Maybe it's education. Maybe you need a liberal arts college education to be properly shocked by the bible.

Maybe it's life experiences. On the margins life is more brutal and violent. There, in the midst of that social location, the bible doesn't sound strange at all. It seems to fit. And this seems to be the case worldwide. The bible speaks to the third world, it is alive and powerful. But in the educated and liberal Western world the bible is a shock and a scandal.

Or perhaps something else is going on. But if either of these two factors are in play then it seems that offense at the bible is associated with privilege. Whenever I've heard complaints about the bible being horrible I've generally been talking to a person of advantage and privilege. Generally White. Generally educated. Generally rich (by the world's standards).

And it's likely that my privilege is blinding me in certain ways in how I'm listening out of the margins. I may be really missing the boat on this. 
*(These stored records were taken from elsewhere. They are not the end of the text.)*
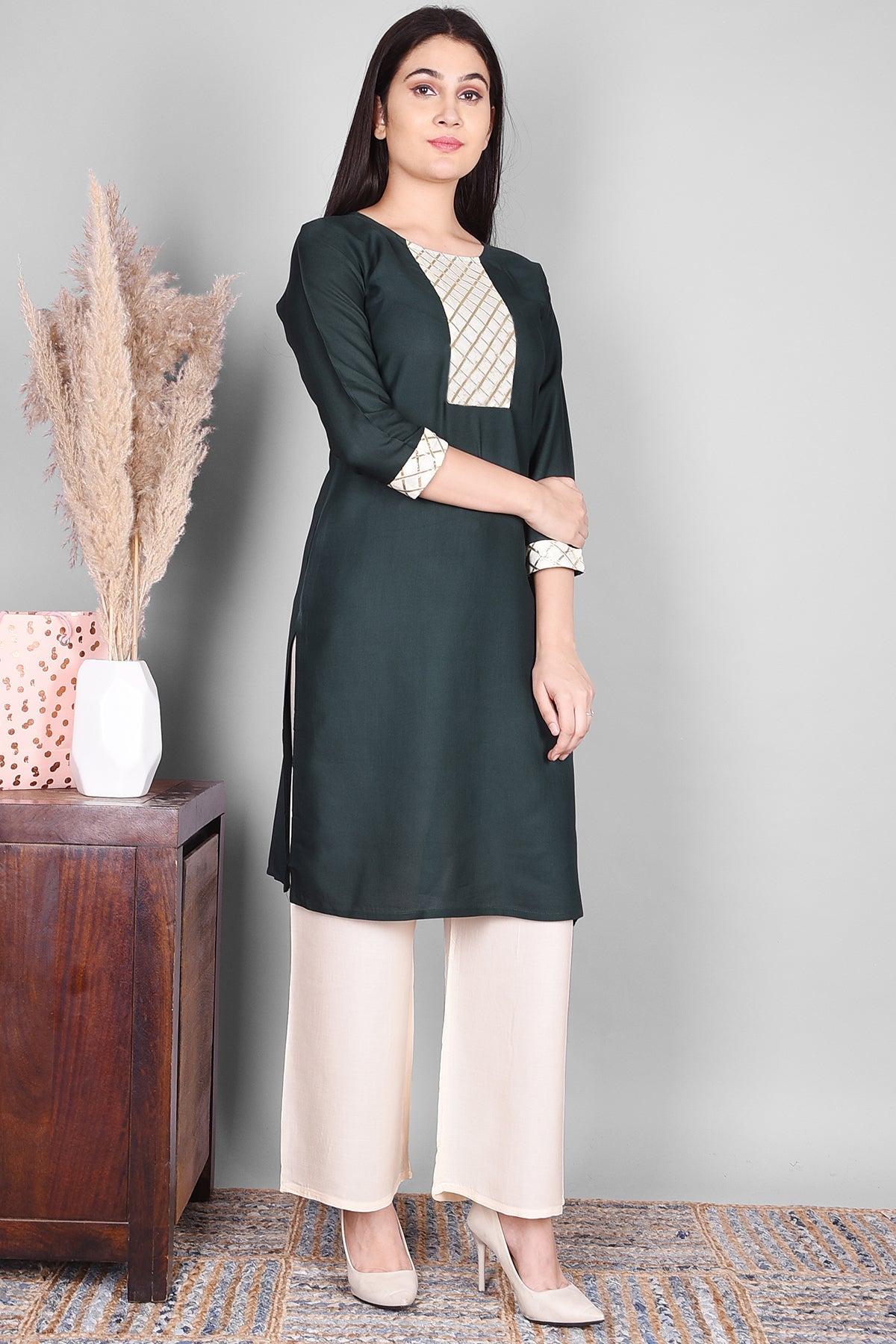 Teal Green Solid Rayon Straight - Fit Kurta - DWEEP SARA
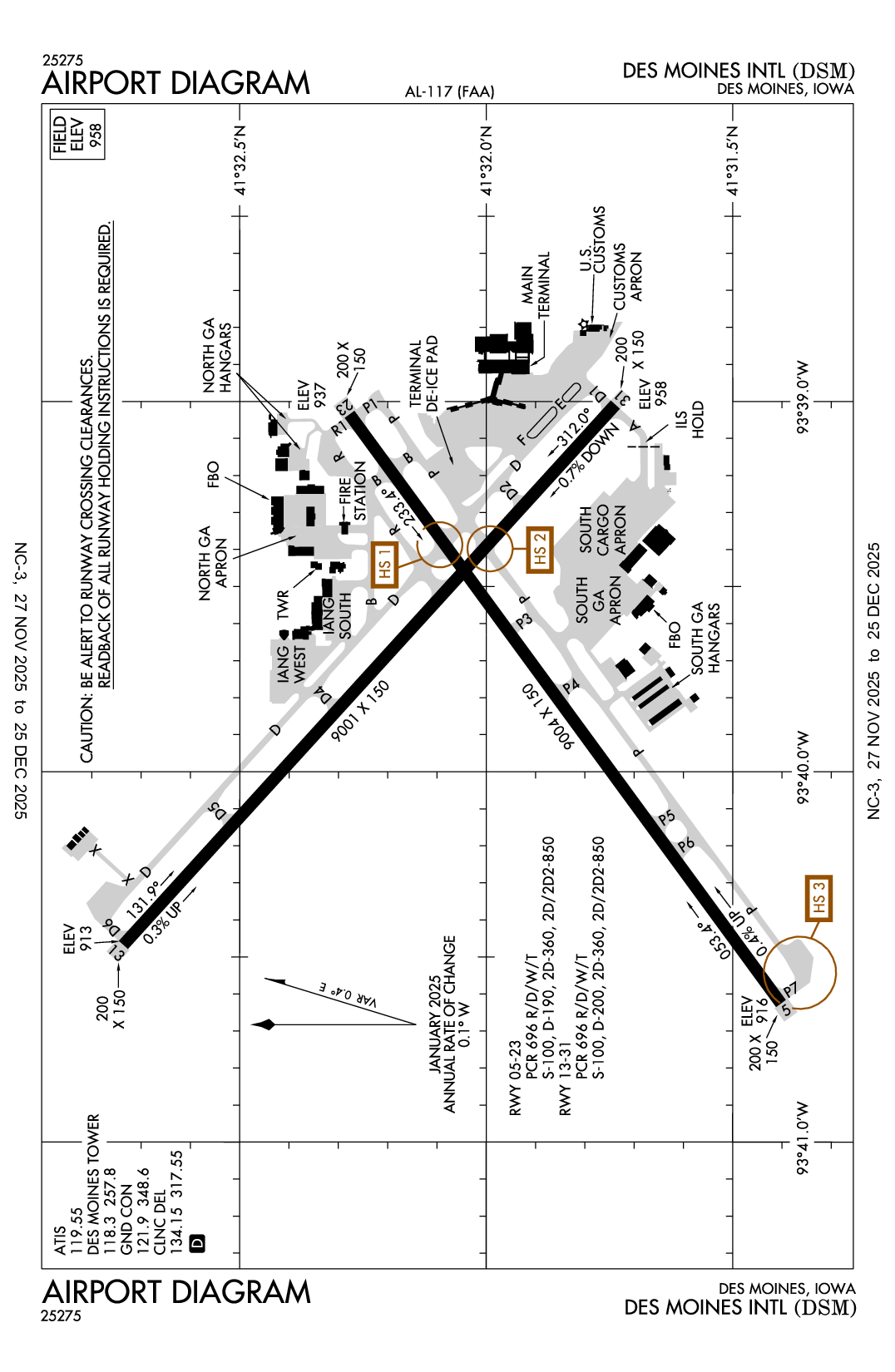 DES MOINES INTL - Airport Diagram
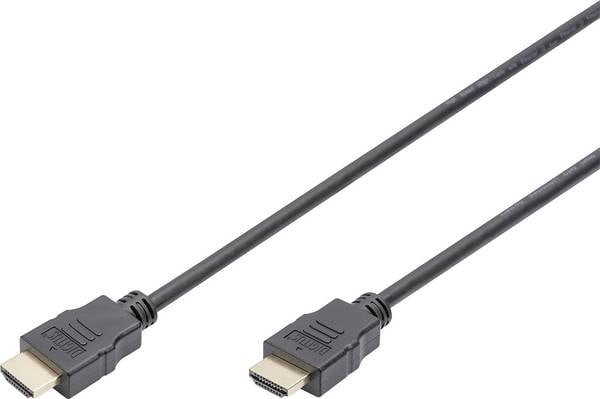 Digitus HDMI Anschlusskabel HDMI-A Stecker, HDMI-A Stecker 2.00 m Schwarz AK-330114-020-S 4K UHD, vergoldete Steckkontakte HDMI-Kabel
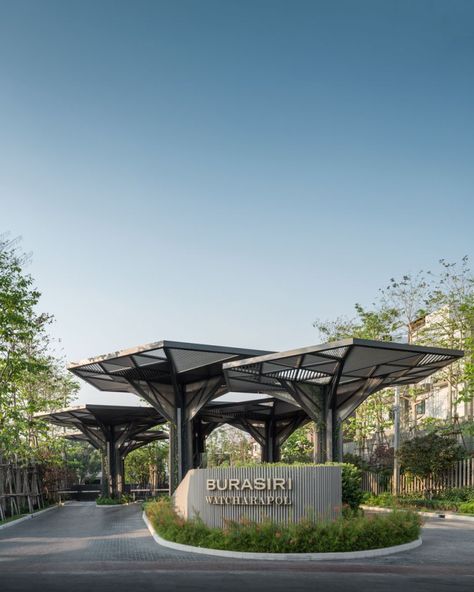 Burasiri Wacharapol Landscape Design by Sanitas Studio – Wison Tungthunya & W Workspace Landscape And Urbanism, Entrance Signage, Plaza Design, Outdoor Restaurant Design, Resort Architecture, Wall Signage, Entrance Gates Design, Mall Design, Desain Lanskap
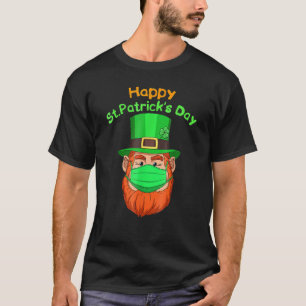 Leprechaun Face Mask Quarantine Happy St Patricks  T-Shirt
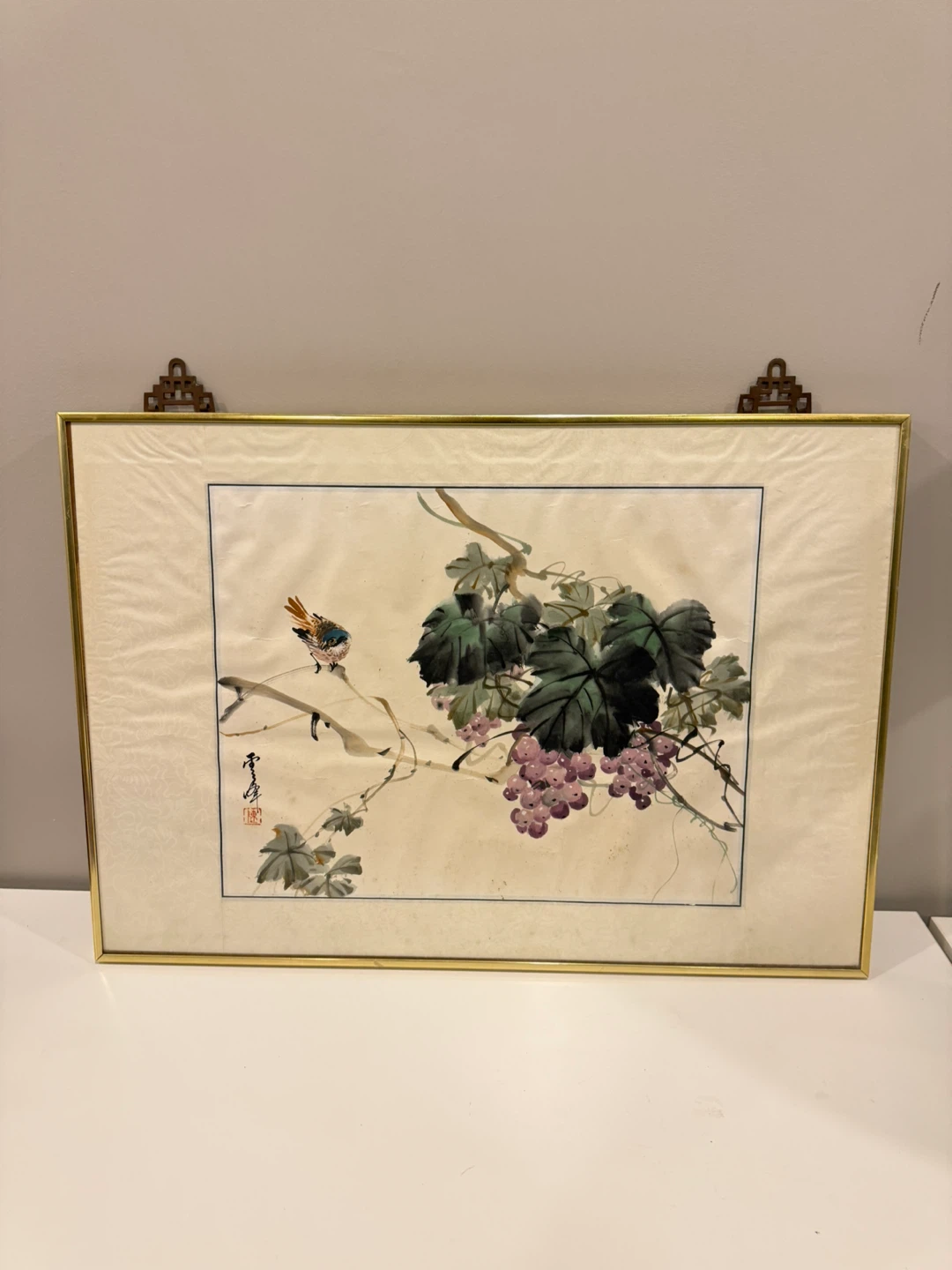 Framed Bird and Grapevine Art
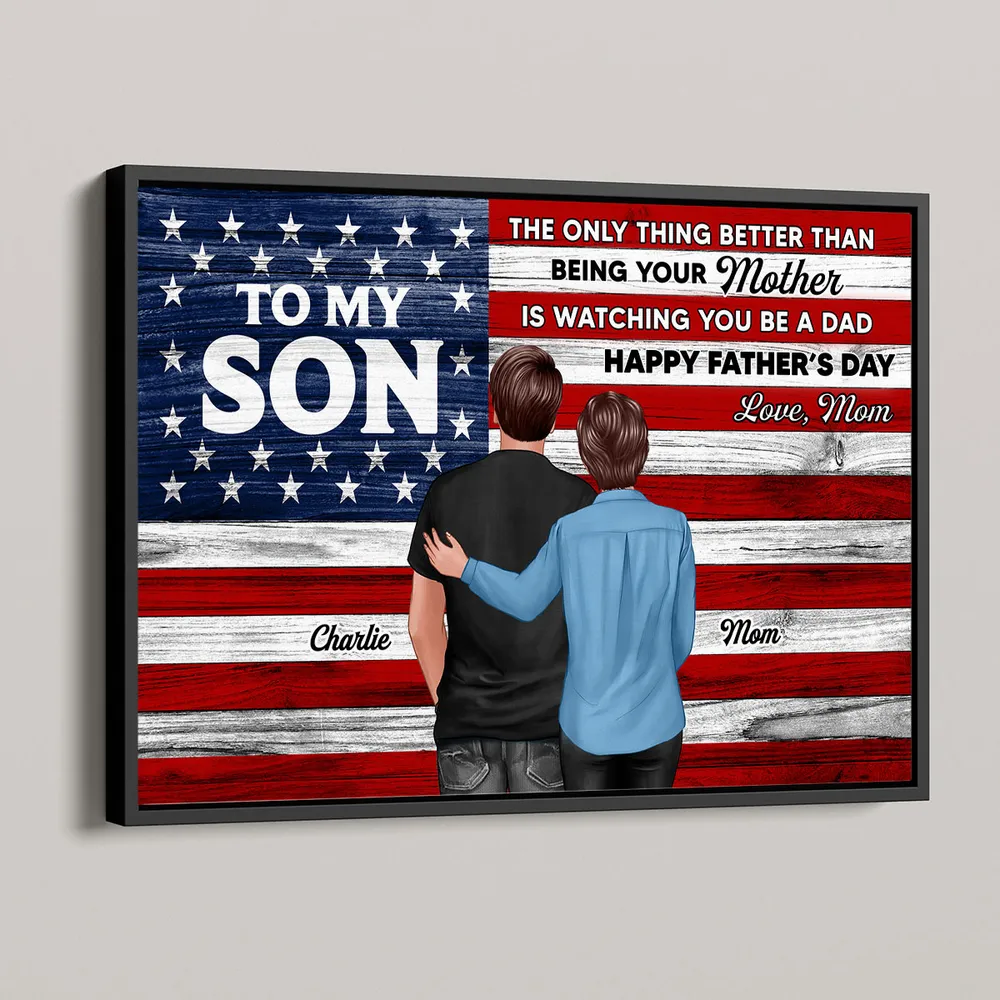 To Our Son – Personalized Father’s Day Canvas – Gift from Mom or Dad with Custom Illustration - Image 10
Regardless, does any of this mean that the privileged concerns about the bible should be dismissed? No, I don't think so. Being a privileged person myself I share these criticisms about the bible and wrestle with them. But given where I'm reading the bible I'm increasingly less obsessed with these sorts of questions, issues, and criticisms. Mainly just because these objections aren't coming up.

I'm not wholly dismissive of the complaints of the privileged regarding the bible, but I am, generally speaking, much less interested.